The Phoenix Unit: Chicago Bar Young Lawyers Make a Difference
By Mercedes Pino
Mercedes Pino is the Editor of The Affiliate and the Director of Career Services at the St. Thomas University School of Law in Miami Gardens, Florida.
The JTDC houses juveniles between the ages of thirteen and eighteen who are awaiting disposition of juvenile proceedings and who can spend anywhere from a few weeks to a couple of years at the facility awaiting disposition of the charges against them. As part of the effort to improve conditions at the facility, one change being implemented is a pilot program to remake one of the eight housing units at the facility. Called “The Phoenix Unit,” the idea is to re-design the unit from the ground up with new staff, new rules, and new training opportunities. Although the entire JTDC houses approximately 400 juveniles, the Phoenix Unit pilot program is working initially with about fifty young men.
As one of its public service projects this year, the CBA/YLS adopted the Phoenix Unit. The decision to adopt the Unit was an easy one according to Rohan: “After hearing for years of the problems there and the efforts being made to improve conditions, I reached out to the new administration to see how we could help. As a citizen of Cook County, I thought it was deplorable that young people would face such conditions without having been convicted of anything.”
Rohan continued: “I felt we owed them better living conditions and a sense that someone cared about them and what happens to them. Most if not all will return to society sooner rather than later, and if we can help them to realize that there is something for them out there other than a life of crime, I think everyone benefits.”
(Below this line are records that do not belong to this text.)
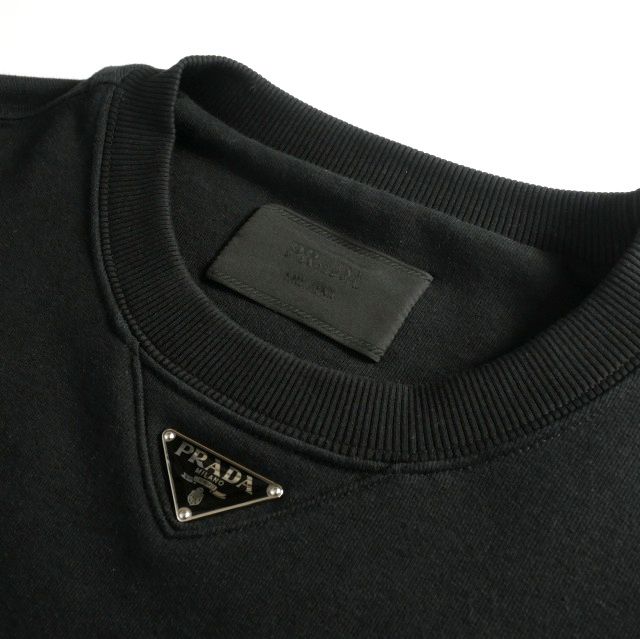 Prada 23AW Triangle Logo Crew Neck Oversized Sweatshirt Long Sleeve M Black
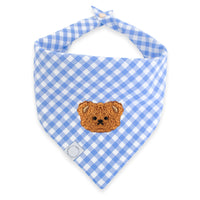 Periwinkle Blue Gingham Teddy Dog Bandana | Teddy Bear Dog Bandana | Shop Sunny Tails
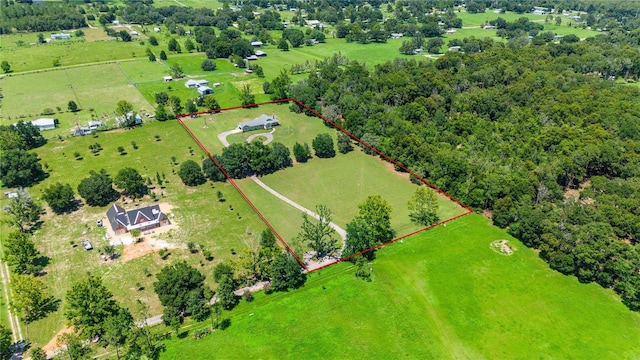 aerial view featuring a rural view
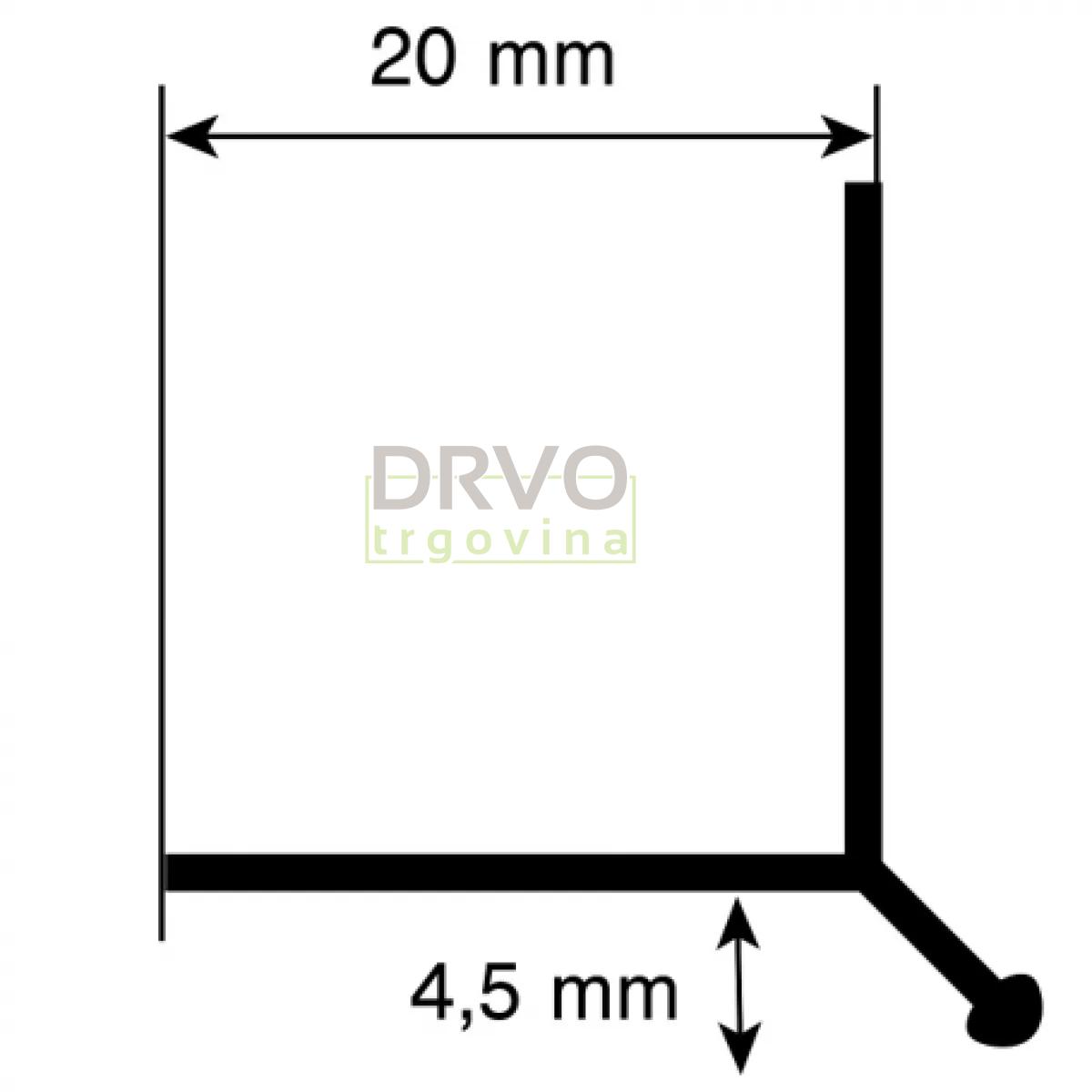 VANJSKI PROFIL A KUT 45 ROCKO ANTIK 2800mm 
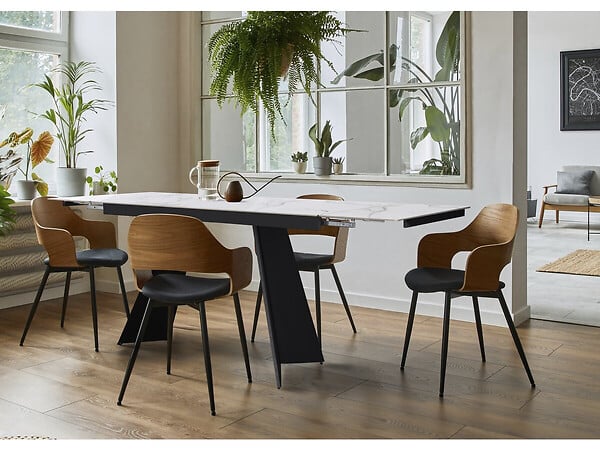 HABITAT ET JARDIN - Table de repas extensible en céramique 6 à 10 personnes  "Equinoxe" - Blanc marbré gris - large
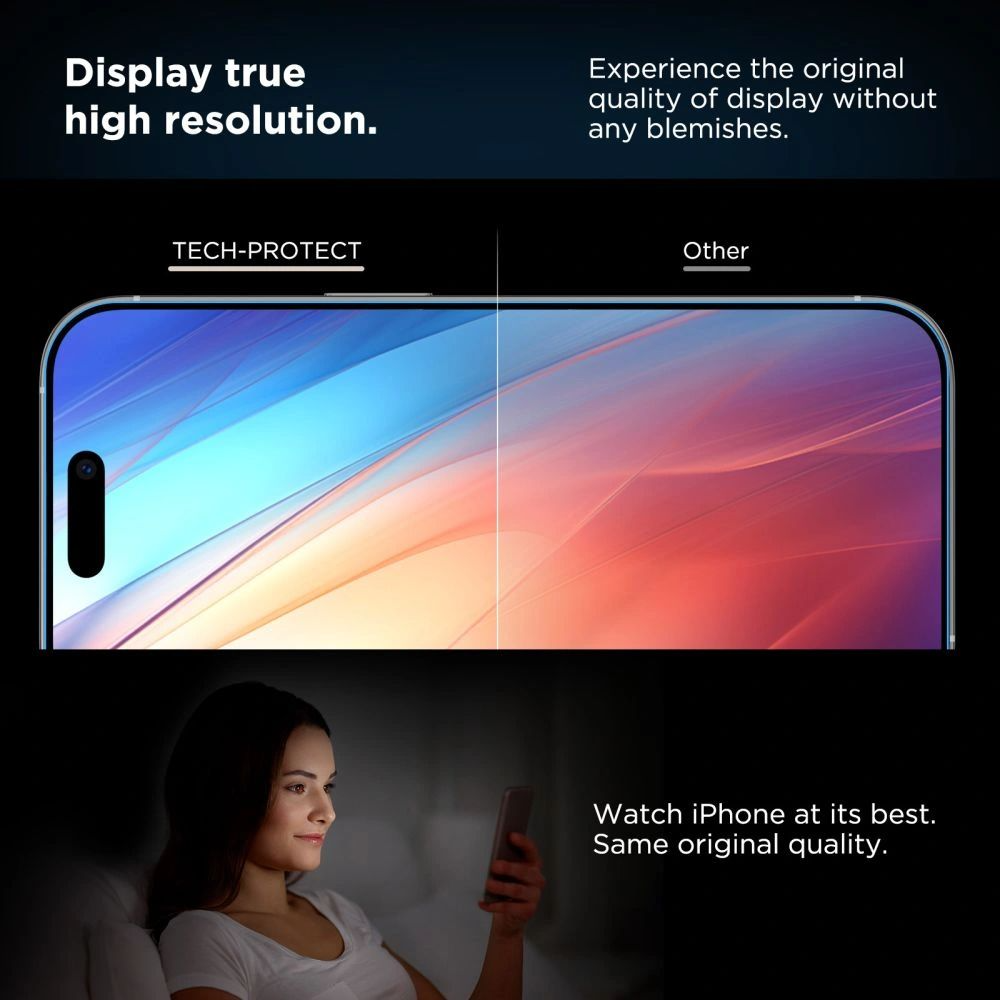 Ochranná fólie na displej Tech-Protect Quick Set+ pro Apple iPhone 17, Tvrzené sklo, Full Glue, Sada 2 kusy, Černá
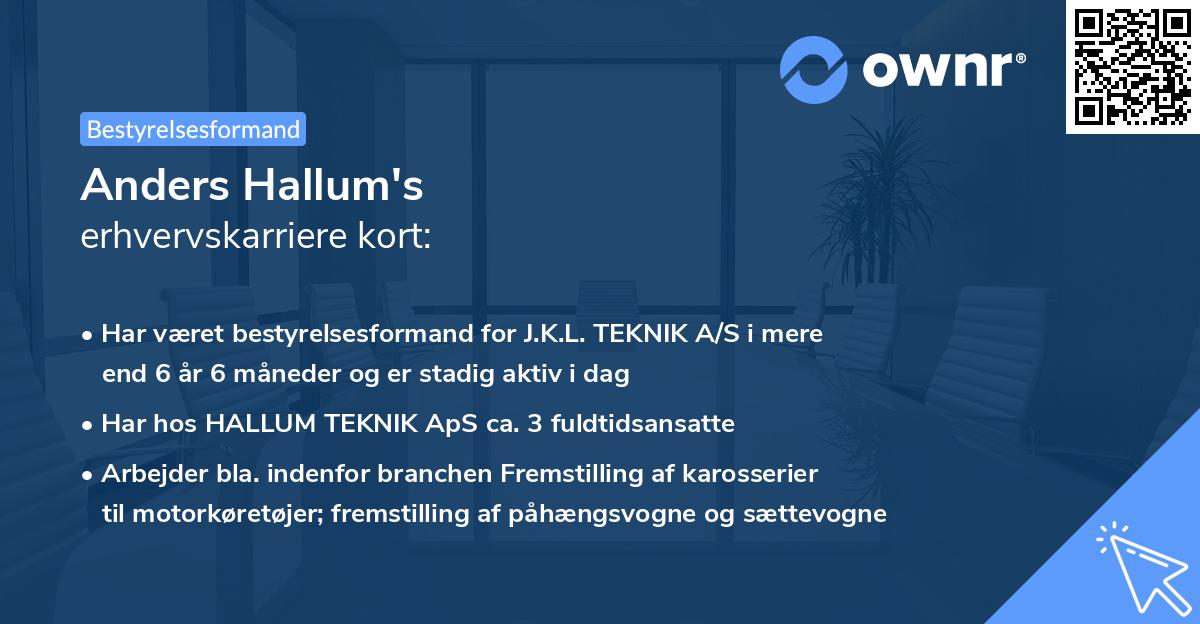 Anders Hallum's erhvervskarriere kort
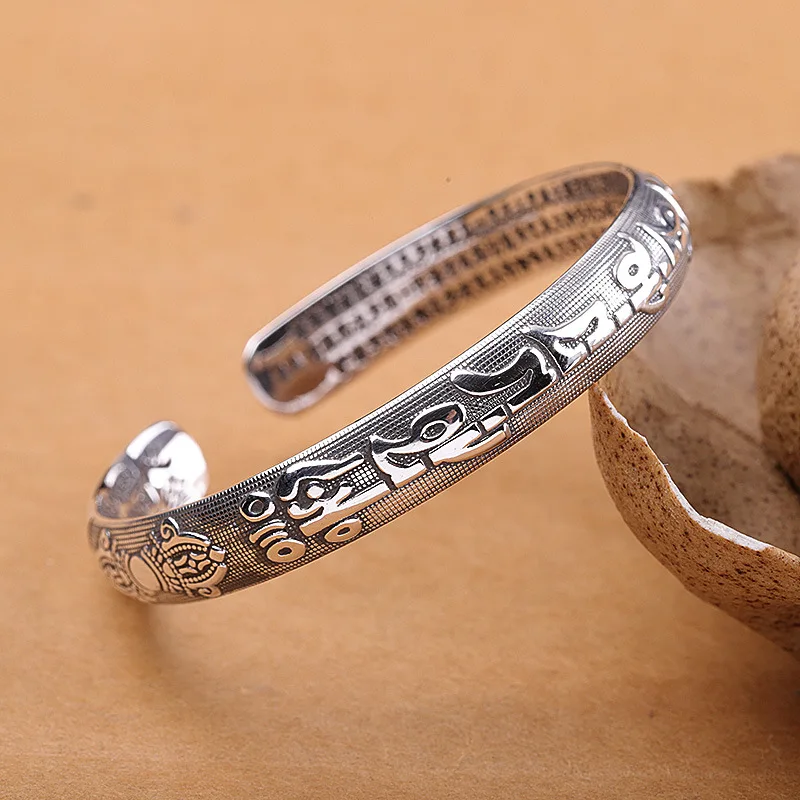 

Uglyless Solid 999 Fine Silver Jewelry Women Heart Sutra Buddhistic Open Bangles Thai Silver Mantra Bangles Silver Bijoux BA730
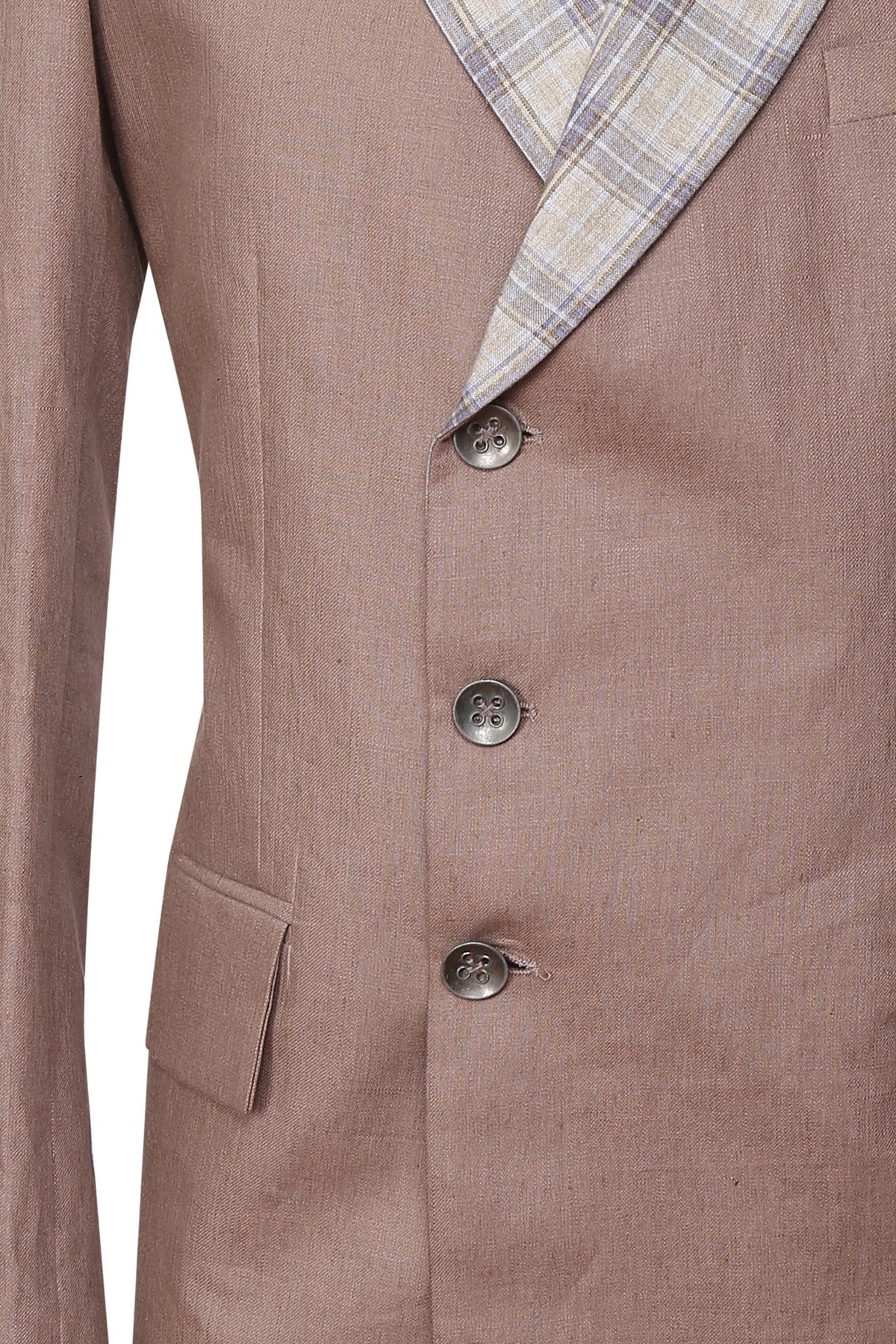 Light brown double breasted linen jacket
Asked to describe the CBA/YLS program, Rohan explained: “Our efforts are twofold: First, we have launched a collection drive for supplies and materials the Unit needs and that the staff has requested. We basically asked the staff for a ‘wish list’ and are seeking the items for them. They asked for age-appropriate books, educational materials, new or gently used electronics including computers and entertainment equipment, and educational software, among other things. To date boxes of books and several used computers have been donated, and we are publicizing our collections widely, including in the CBA’s monthly magazine and in our electronic newsletters.”
Discussing the second phase of the program, Rohan con-tinued: “Second, we are seeking volunteers who are willing to spend time at the facility to lend their talents to help with organized activities or simply to spend time and talk to the young people. So far, we have received dozens of inquiries from lawyers, young and old, and from law students, many of whom had no prior contact with the YLS to our knowledge.”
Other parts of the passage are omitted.